I believe that Product Management fundamentally exists to improve the odds of success with product investments. Why do we need to improve the odds of success you ask? Simply because bringing software products to market successfully comes with significant risks.
I often refer to new software development as being very risky to explain why certain practices are important. However, I don’t spend much time explaining why software products are risky to begin with.
By better recognizing the risks, it is easier to appreciate the better practices around startups and software development that have evolved to address the risks.
What are we uncertain about?
Have you ever experienced any of the following with your product initiatives?
Effort or complexity to solve a problem is much higher than anticipated.
Release dates are missed by development.
You find out that the much requested feature, committed to key customers for months, cannot be delivered due to intractable technical or legal obstacles.
Customers do not buy the product or buy less of it.
For Freemium products, customers rarely convert from free tier to paid tiers.
Users can’t figure out how to work the product and give bad feedback on usability translating into poor CSAT and NPS survey results.
Support costs per customer aren’t decreasing as your product matures
A major new feature is released and hardly any customers use it.
Despite rapidly growing customer base, you are unable to turn a profit.

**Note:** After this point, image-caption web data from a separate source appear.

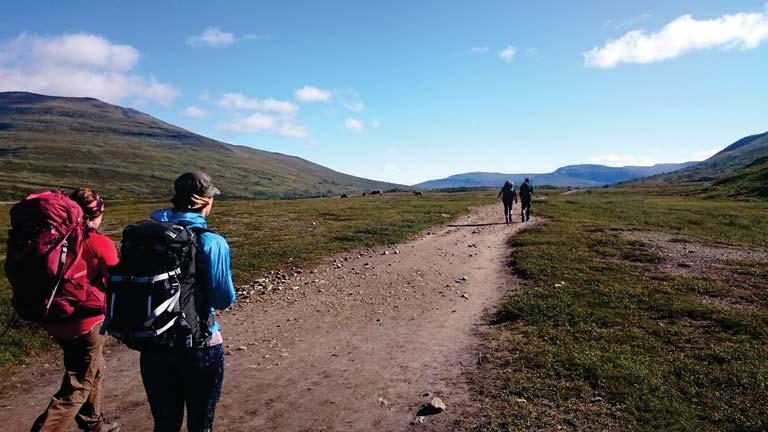 Vägar till mångfunktionella landskap: en pilotmodell i Jämtlandsfjällen Slutrapport från ett forskningsprojekt inom forskningssatsningen
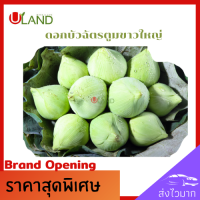 Uland ดอกบัวฉัตรขาว ตูม ขนาดใหญ่ 10 ดอก ดอกบัวขาว ดอกบัวไหว้พระ ดอกบัวสำหรับพับ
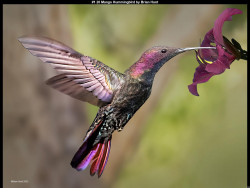 IMG002 (1) (1) (1) (1) (1) (1) (1) (1) (1) (1) (1) (1) (1) (1) (1) (1) (1) (1) (1) (1) (1) (1) (1) (1) (1) (1) (1) (1) (1) (1) (1) (1) (1) (1)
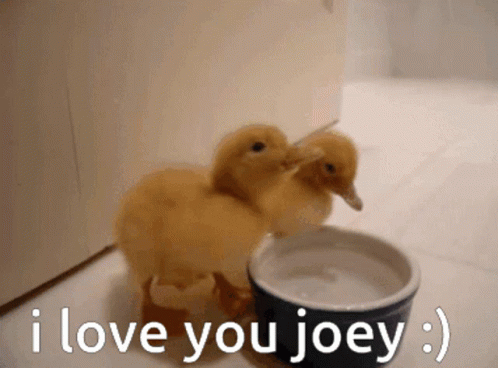 a stuffed toy in blue on a white floor with the text i love you joey
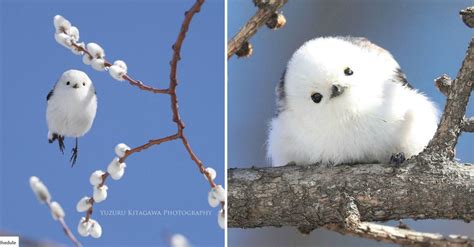 Cute White Birds Images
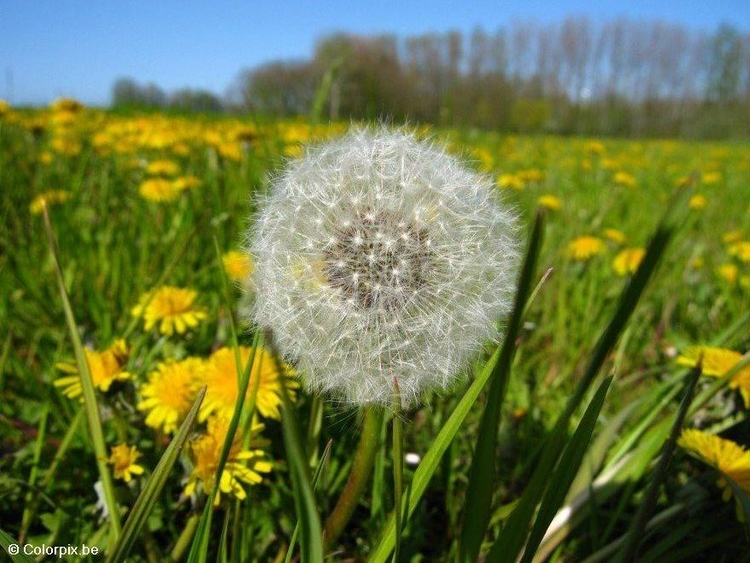 Photo dandelion 4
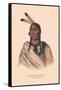 Esh-Ta-Hum-Leah, Sioux Chief-null-Framed Stretched Canvas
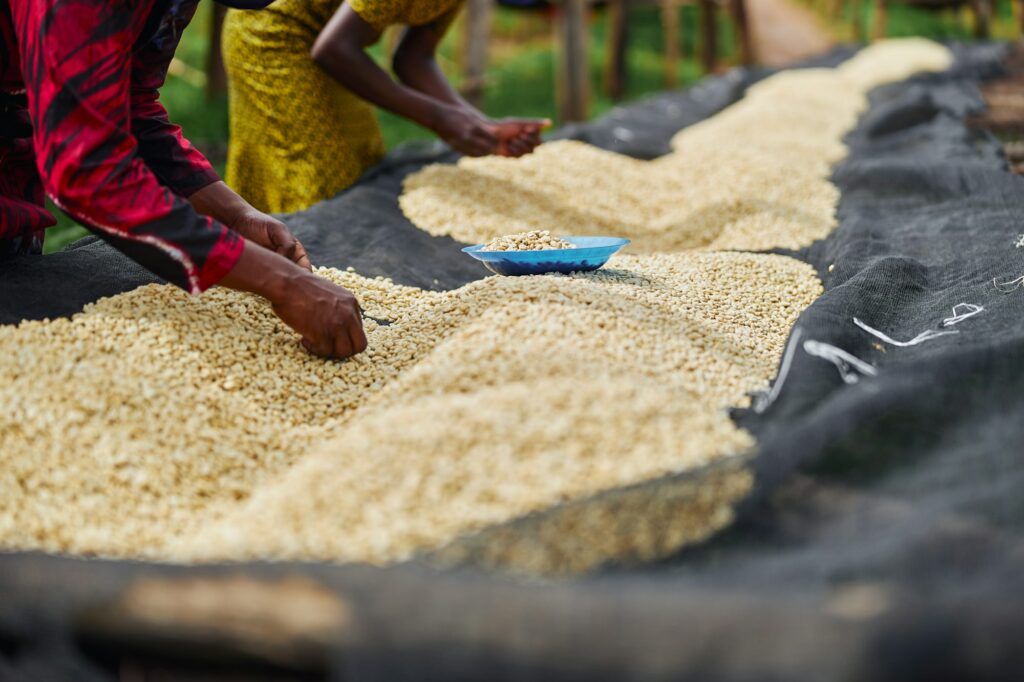 African female workers are sorting out coffee beans at washing station, Rwanda Coffee Tours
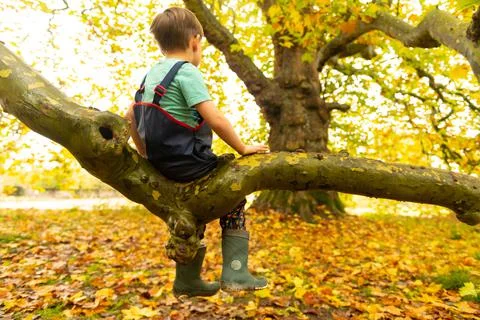 Boy sitting on tree branch Stock Photos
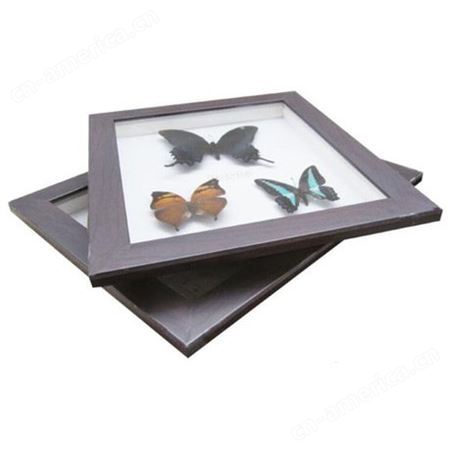 常见3只蝴蝶标本 干制标本 实物制作 科普展示 教学演示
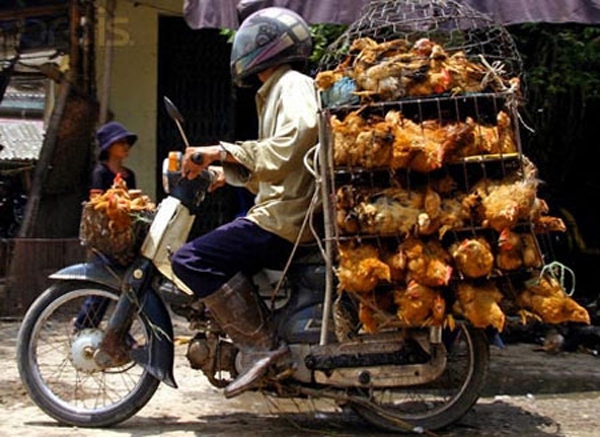 Mỗi năm nhập 100.000 tấn gà thải từ Trung Quốc 1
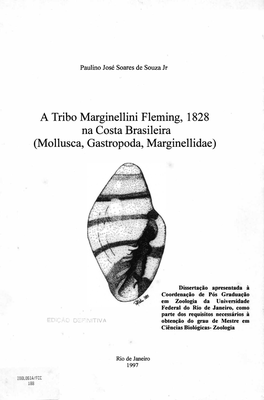 Mollusca, Gastropoda, Marginellidae)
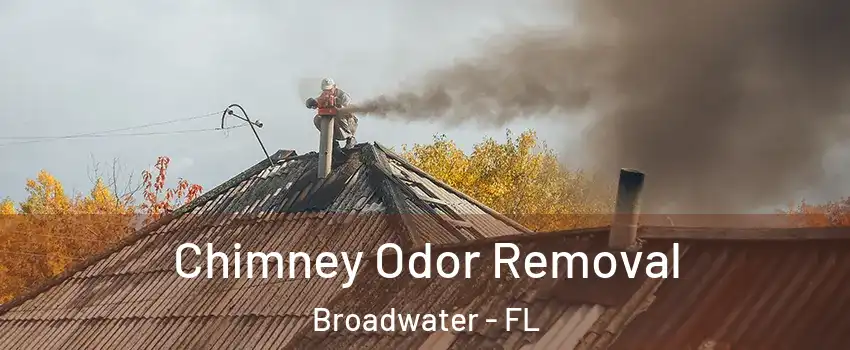 Chimney Odor Removal Broadwater - FL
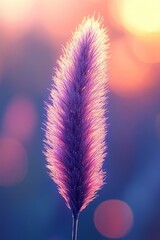 Wall Mural - A close up of a purple flower with a blurry background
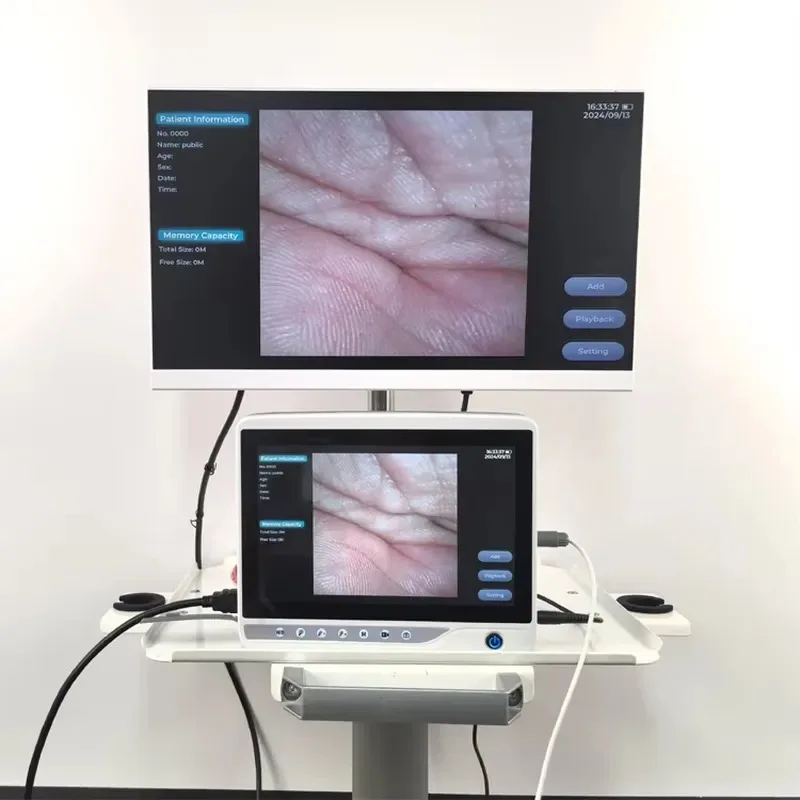 Sale Wholesale Advanced Machine Gastroscope Colonoscope Veterinary Dog for Pet Hospital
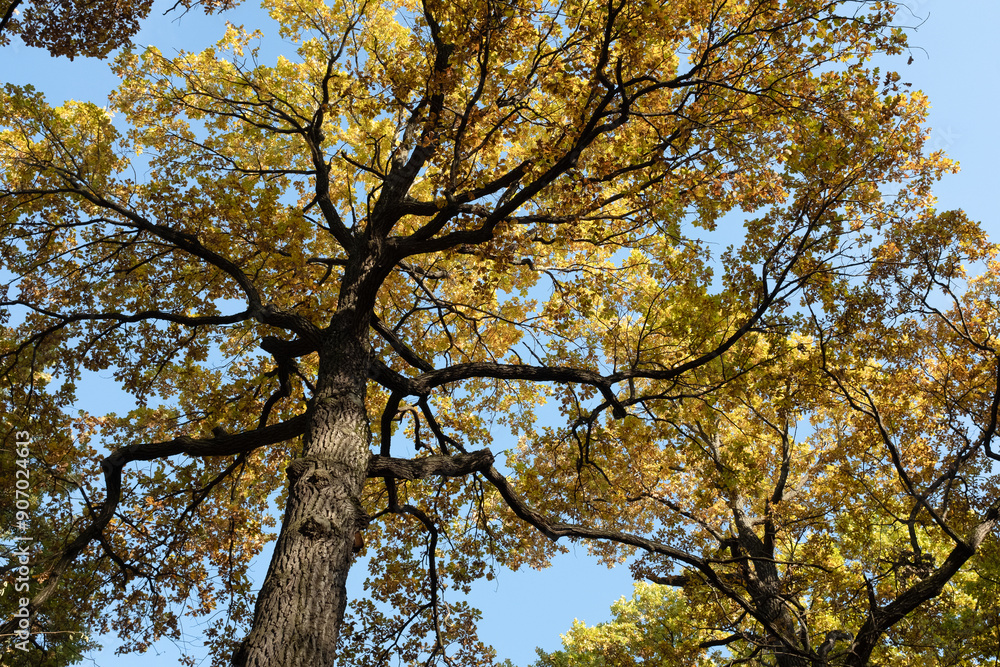 Autumn landscape with blue sky, bottom view. Background of autumn- forest for publication, poster, screensaver, wallpaper, postcard, banner, cover, post. High quality photo Autumn landscape with blue sky, bottom view. Background of autumn- forest for publication, poster, screensaver, wallpaper, postcard, banner, cover, post. High quality photo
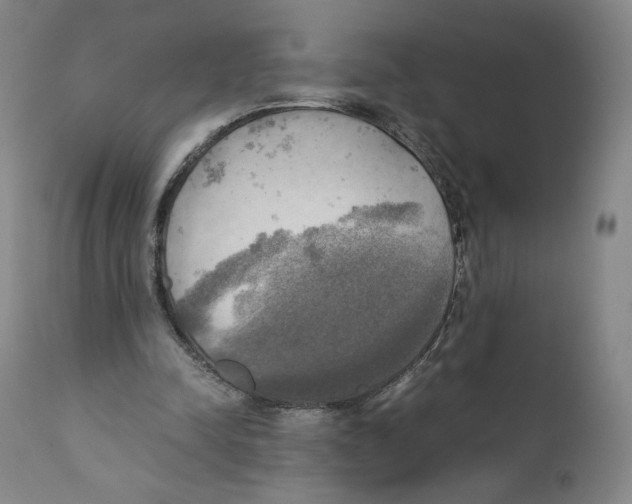 X0000110730342200907101434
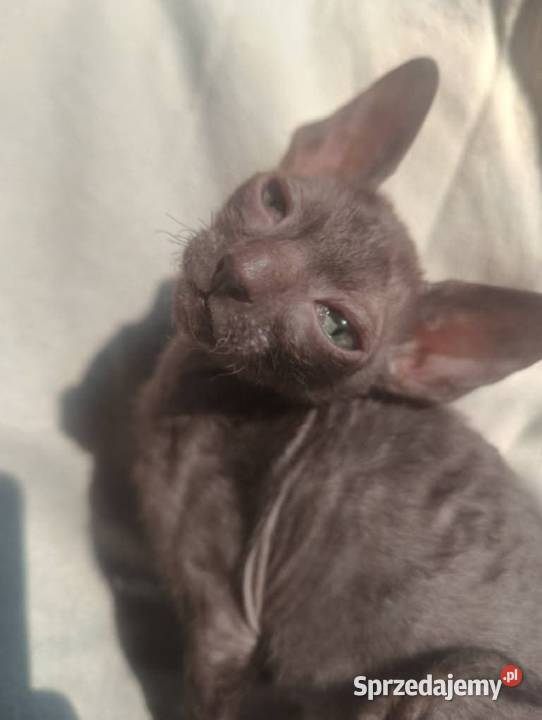 Kot kotka kociaki cornish rex devon rex HodUrok Warszawa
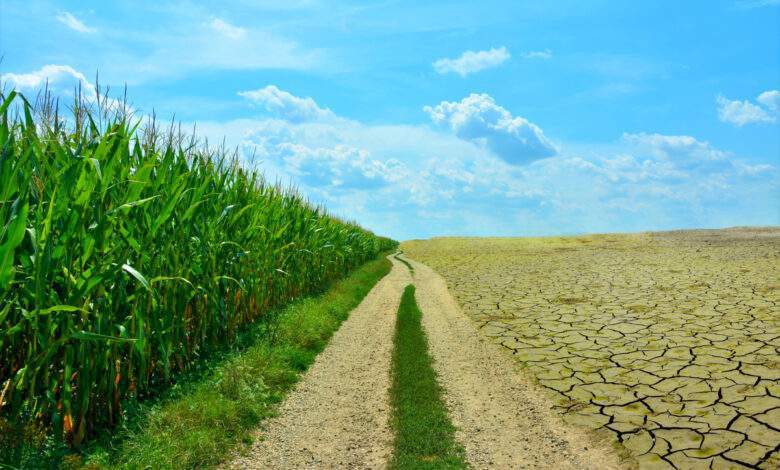Une image représentant la différence entre la nature verte et les terres arides (sécheresse, pollution)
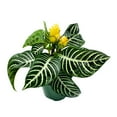 thumbnail image 1 of Zebra Plant, Aphelandra squarrosa, Zebraplant in a 4 inch Pot, 1 of 7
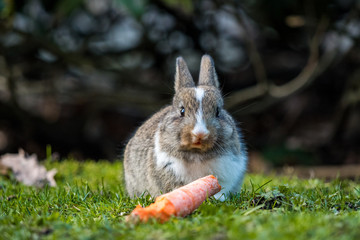 cute white chested bunny watching you while having a piece of carrot in its mounth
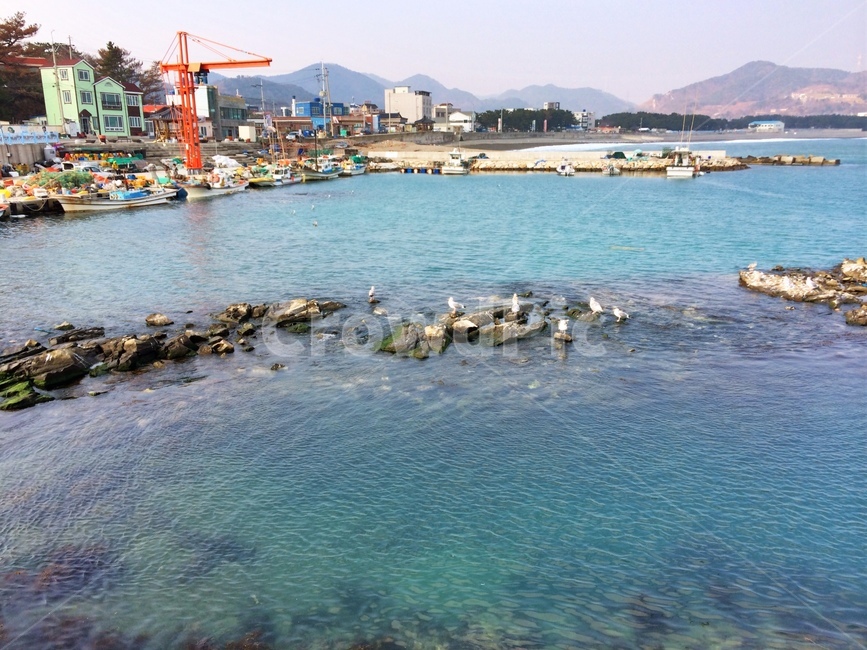 바닷가,어촌,갈매기,바다,seagull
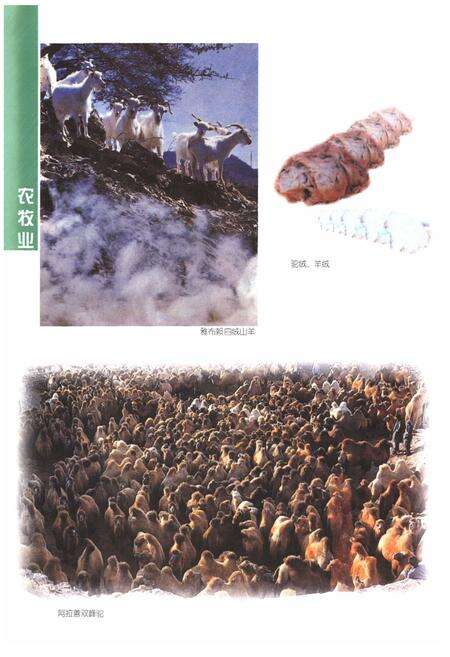 《阿拉善右旗志》.pdf_内蒙古自治区志预览图5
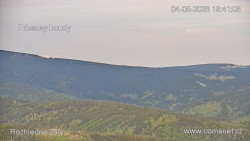 Žalý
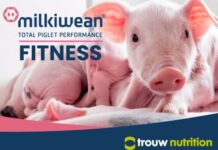 Nace Milkywean Fitness, la respuesta nutricional de Trouw Nutrition para hacer frente al PRRSS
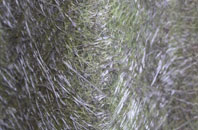 Long Bredy fibreglass roof work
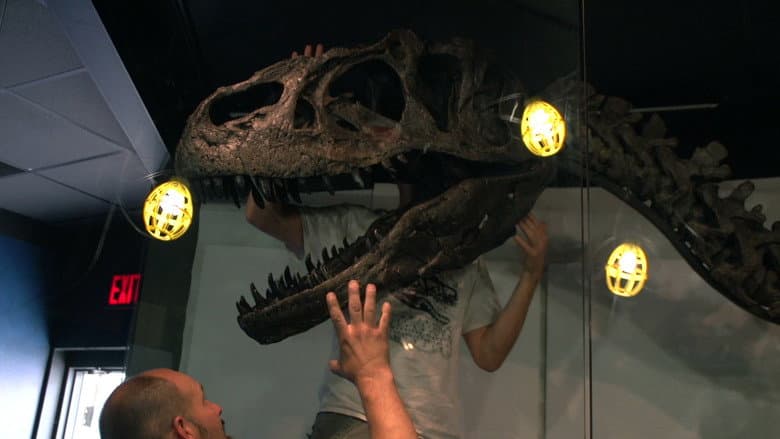 We Believe in Dinosaurs still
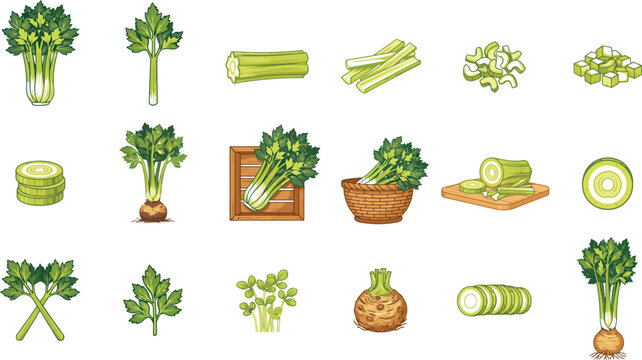 Set of hand drawn celery vegetable icons featuring fresh stalks, chopped slices, and organic roots in flat style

These are the result of the unmanaged uncertainty in your product planning and execution process. They are reflect negative missed expectations. However, there are more positive misses as well that we sometimes see, such as:
Users using the product in totally different manner than anticipated
Unsolicited customer referrals driving unexpected, but massive growth
Even these positive surprises can cause challenges in your business. Suddenly, your business priorities need to change to account for these.
How do we cope with uncertainty?
Many organizations accept that this uncertainty is just part of being a software company. Yet, this is absolutely the wrong approach. You may have been lucky in the past with your success but overtime, luck runs out or ends up with your competition.
The way that leading software companies cope with uncertainty is to focus on building a mindset and repeatable processes to mitigate risk while optimizing the odds of success.
Some better practices in use today include:
1. Product Management must focus on major risks as part of product strategy.
Product Management needs to first figure out the major risks to their product plans. In startups this may often directly involve the executive team while in large enterprises this may be wholly owned by the Product Manager for each product.
In my recent article Where to Begin with New Products? I provide some approaches to help identify key risks. Some approaches to identify these risks include Assumption Mapping, analyzing your Business Model Canvas, and brainstorming with a cross functional team around the 4 Four Big Risks.
When defining a product strategy, the major risks should be defined with a game plan for how to attack them. Along with the critical thinking of what happens if some assumptions turn out to be invalid.
2. Product Management should be Lean.
Following the principles articulated in The Lean Startup, teams today are focused on finding ways to minimize waste, learn quickly, and get value to market fast. Practices coming out of this align with the build-measure-learn loop that forces organizations to focus effort early where risks are the greatest.
Product Teams following Lean are more likely to leverage Outcome Roadmaps over traditional timeline based roadmaps. Because timeline driven feature roadmaps represent commitments around unvalidated assumptions, which is viewed as increasing risk. Lean promotes deferring commitments as late as possible. Why commit to features or a timeline that may turn out not to be the best solution?
Teams are learning more and more about how to run experiments to validate assumptions and reduce their risk —before over-investing. The best teams are running experiments from early problem discovery through solution delivery continuously.
Yet, no development team can be satisfied if they deliver a product or feature that is not used. This is the ultimate waste of their time that could have been spent working on something the market truly values. Therefore, before investing further into product capabilities the best companies focus on product analytics that provide critical data in the learning loop.
3. Product Development should be Agile.
Agile and Lean perfectly complement one another. Agile enables Lean to work through its concept of delivering value early to customers, incrementally, and welcoming change.
Incremental delivery enables critical feedback and new opportunities to learn. It also, allows for changes due to external factors that have historically stressed waterfall project planning approaches. Some of those external factors may be from experiments run to validate assumptions.
Anyone that works in software will be familiar with the surprises that come up along the way. These surprises are the risk naturally found in bringing software products to market but we should not just ignore them and hope all our assumptions will play out.
Over time, companies that better manage risk will regularly have more success in the market. Better practices for mitigating risk are well-known but are far from being universally adopted.
My recommendation is simple: Do not ignore risk. Identify it and manage it by improving your practices to increase your odds of repeatable success.